Jordan Bloom offered an epic remembrance of Bob Dylan past, and Galupo joined his apologia. Rod Dreher agreed with Dan Quayle, appreciated what it takes to be a writer, responded to Bloom’s choom gang analysis, and listened to God. He found poison snake-loving Pentecostals, praised the Louisiana fightin’ Monks, shunned sex offenders, loved Wodehouse, and wondered if Fr Mark gets drunk every Sunday. Eve Tushnet thought about gay kids in Catholic schools, while Samuel Goldman examined prejudice against Mormons, critiqued American interest in philosophy, and took issue with Gail Collins. Larison did not like Pagans. Galupo conserved art, and considered Chinese film buffs.

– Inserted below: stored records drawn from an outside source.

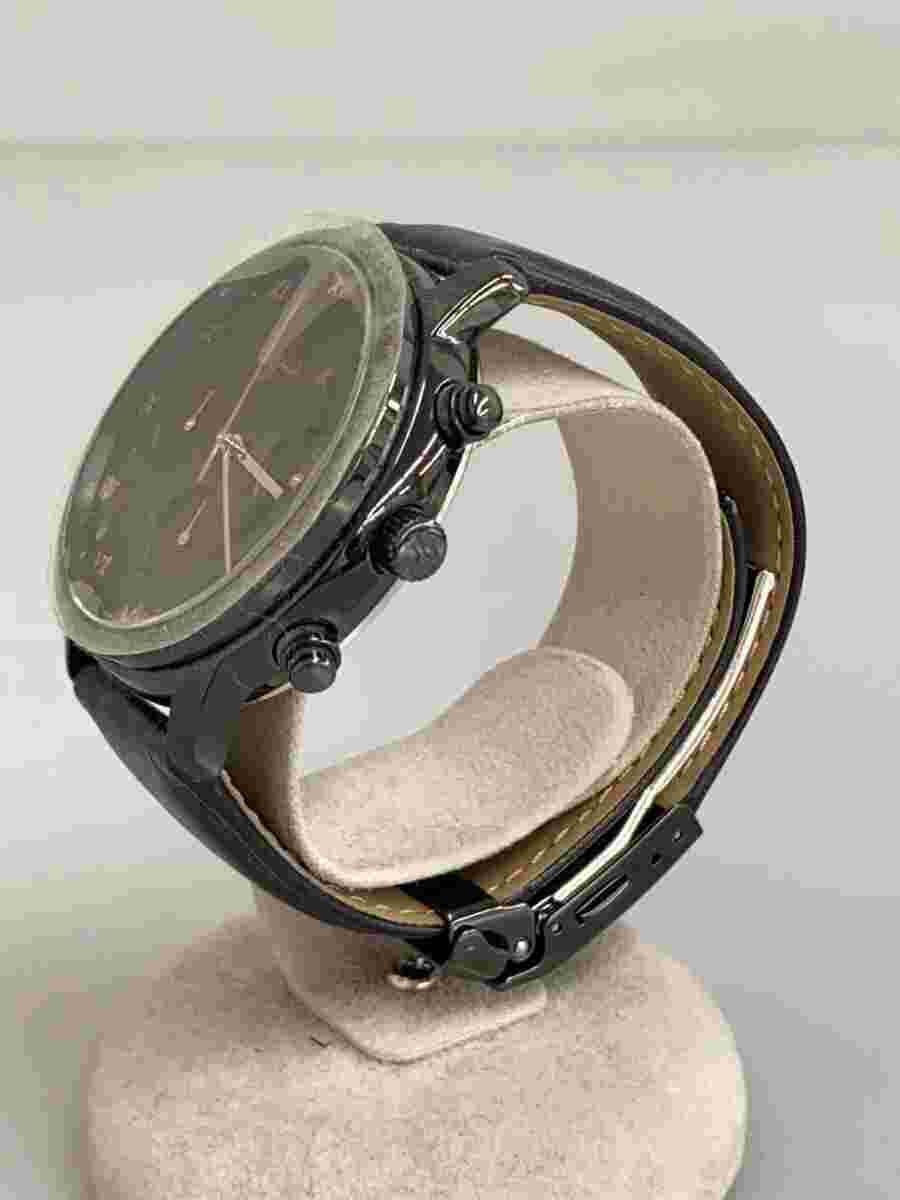 agnes b. VR42-KED0 Quartz Analog Watch Leather Black Near Mint JAPAN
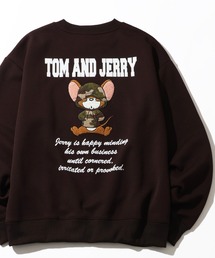 【Tom & Jerry/トム & ジェリー】リップルダンボールアップリケ＆サガラスウェット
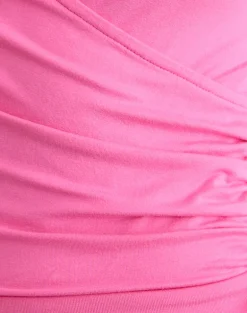 Saneya Plunge Top in Rayon Jersey Deep Pink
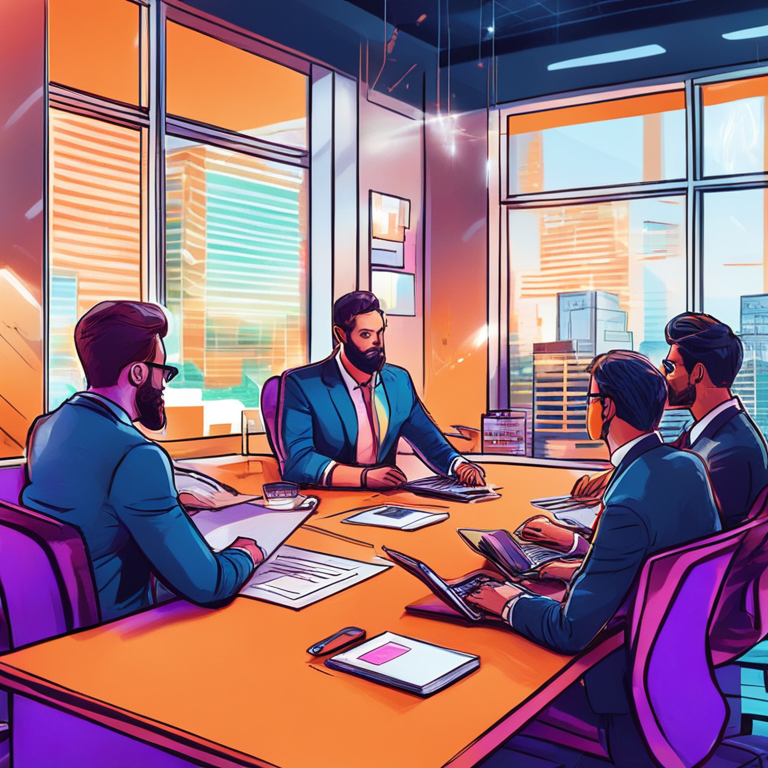 hand-drawn digital illustration of financial analysts discussing cryptocurrency ETFs in a modern office, vibrant colors, Artstation HQ, digital art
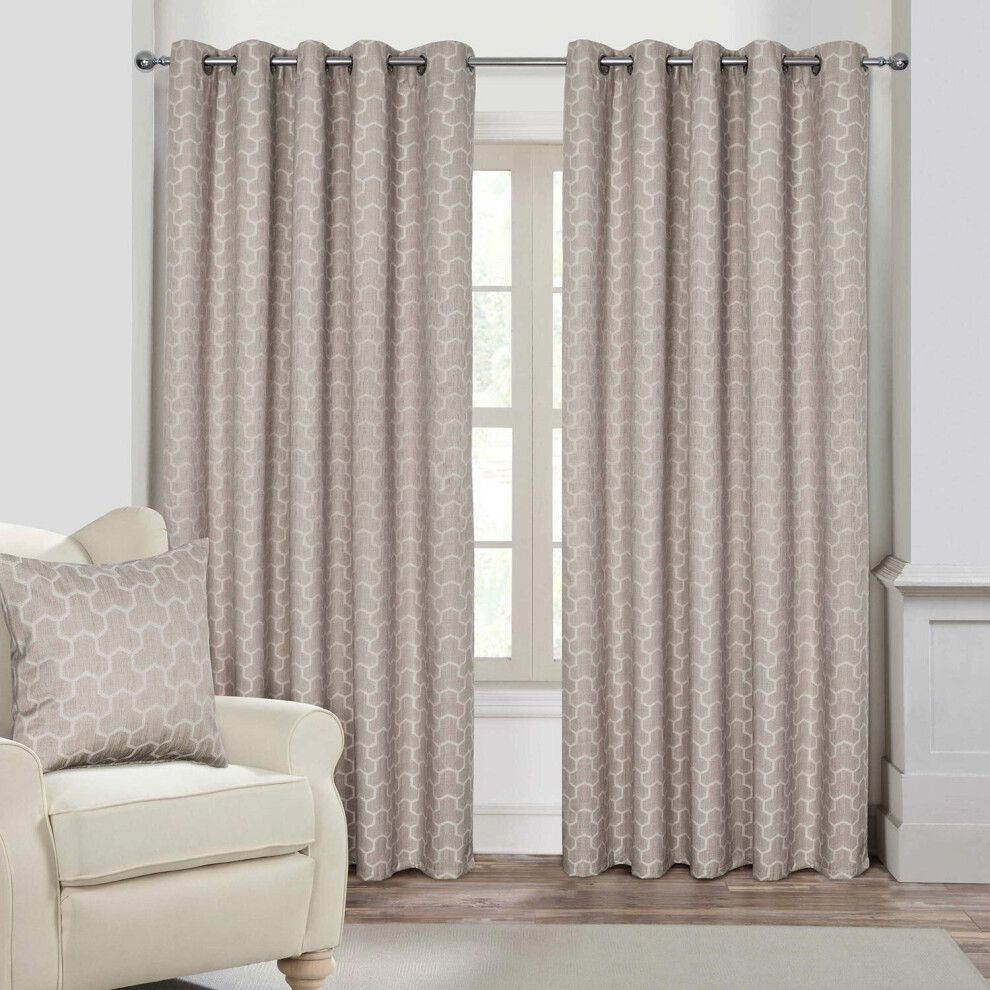 Homescapes (W 228Cm X Drop 182Cm, Natural) Geometric Jacquard Blackout Eyelet Curtain Pair
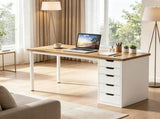 47 Inch Modern Computer Desk with 5 Reversible Drawers, Study Writing Table for Home Office 06980765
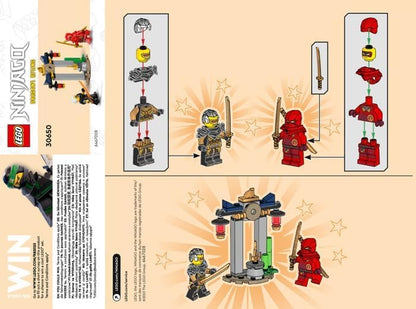 Side view of Kai and Rapton minifigures engaging in a temple battle play scene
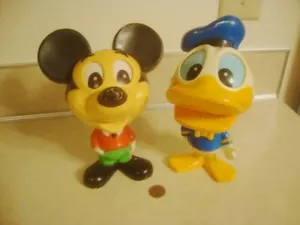 Vtg Mickey Mouse Donald Duck Chatter Chum Mattel Pull String Talking Toys Video! - Picture 1 of 7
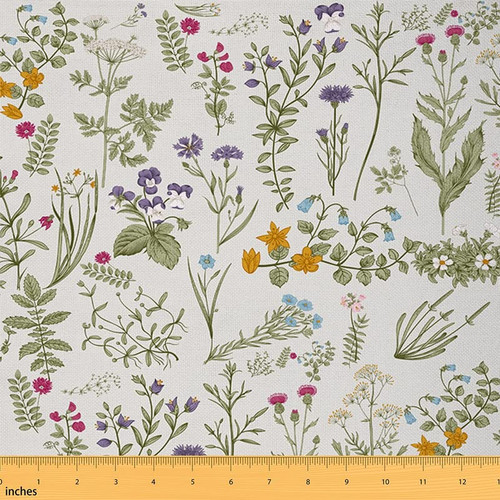 Feelyou Floarl Upholstery Fabric by The Yard, Farmhouse Flowers Pattern Reupholstery Fabric for Chairs, Garden Floral Botanical Decorative Waterproof Outdoor Fabric, 3 Yards, Purple Green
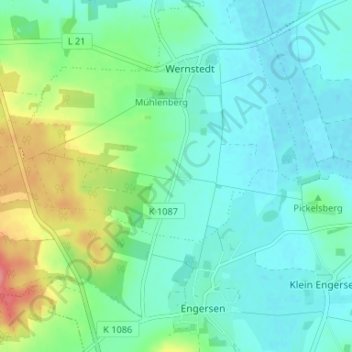 Carte topographique Neu Wernstedt, altitude, relief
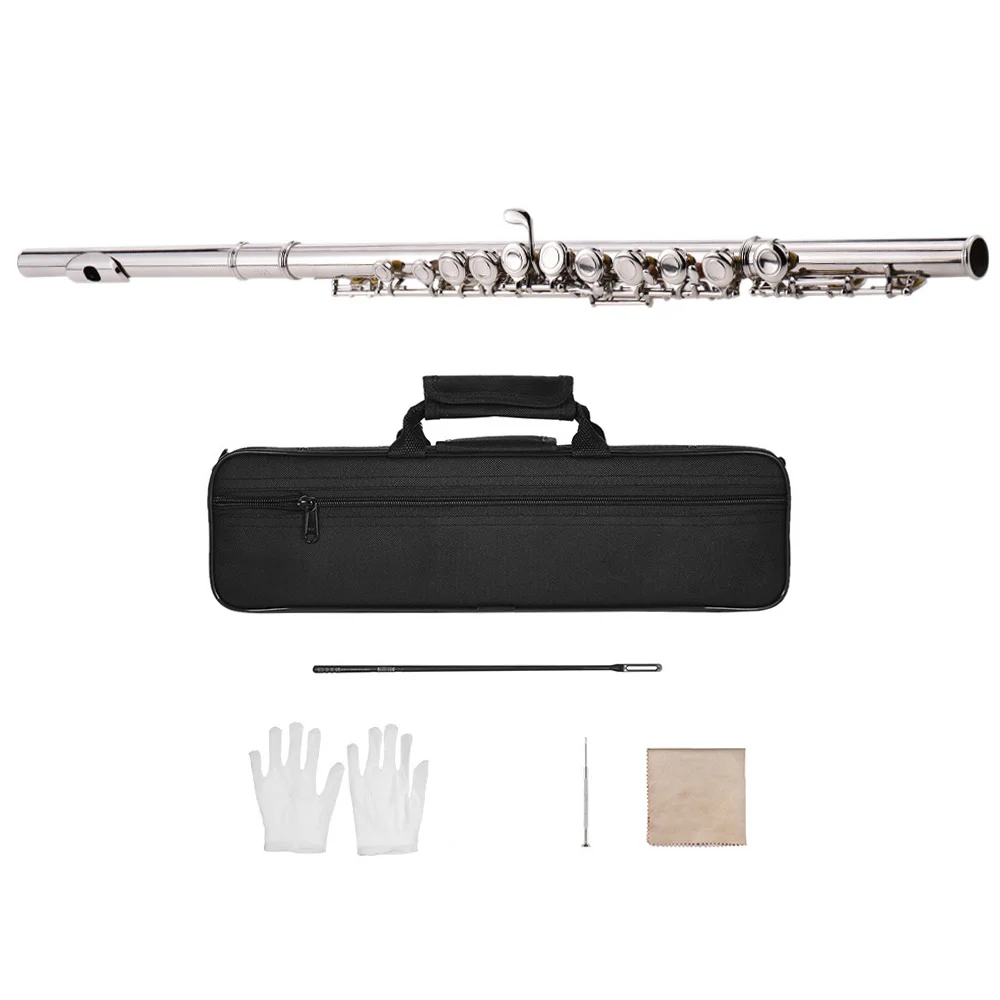 

16 Holes C Key Western Concert Flute Nickel Plated Cupronickel Woodwind Instrument with Cleaning Cloth Stick Gloves Padded Bag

Andrew Bacevich investigated the never-ending special ops war, and William Lind proposed sending the F-35 stealth turkey to the chopping block. Larison asked if foreign policy campaign rhetoric matters, and then asked again. He could not stomach a cynically amoral argument for intervention in Syria, and thought about Russia here here here and here. Kelley Vlahos watched a cliche-shattering WWII documentary, and gave thanks for scrutiny of the CIA. Phillip Giraldi heard theWashington Post’s continuing drumbeat for war with Iran, and followed media bias on the Israeli riots. Larison told us to ignore Charles Krauthammer.